Friday, January 11, 2019

A Split of Authority Continues With Respect to Allowing Expert Testimony in Insurance Bad Faith Cases

In the case of Debellis v. Mid-Century Ins. Co., No. 18-CV-214 (W.D. Pa. Nov. 25, 2018 Schwab, J.), the court addressed a Plaintiff’s Motion In Limine to preclude the carrier’s bad faith expert in this UIM bad faith litigation.  

The court observed that there continues to be a split of authority on whether expert testimony concerning a carrier’s bad faith is permissible and noted that this was a controversial issue.  

Nevertheless, this particular court allowed the carrier to put on its bad faith expert with certain limitations.

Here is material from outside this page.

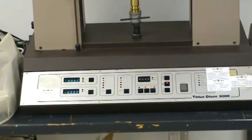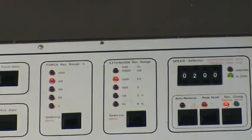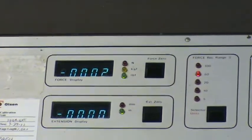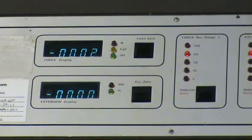What this machine is going to do is stretch the pipe at a fixed elongation rate of 2 inches per minute, as you can see in the upper right. The machine is also going to record how many pounds of force it takes to stretch the pipe at that rate.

The court in Debellis found that expert testimony may be appropriate with respect to issues such as insurance claims adjusting procedures, a carrier’s compliance with industry customs and standards, and whether the carrier lacked a reasonable basis for denying a Plaintiff’s claim.  

In this federal court case, after noting that this matter involved a non-jury trial and that the court was familiar with bad faith law, the Debellis court concluded that the expert testimony offered by the carrier might assist the judge as the trier of fact “assuming [the carrier’s] claims handling procedures are complex.”   

However, the court otherwise held that the expert could not testify or give opinions that the court ultimately construed as legal conclusions.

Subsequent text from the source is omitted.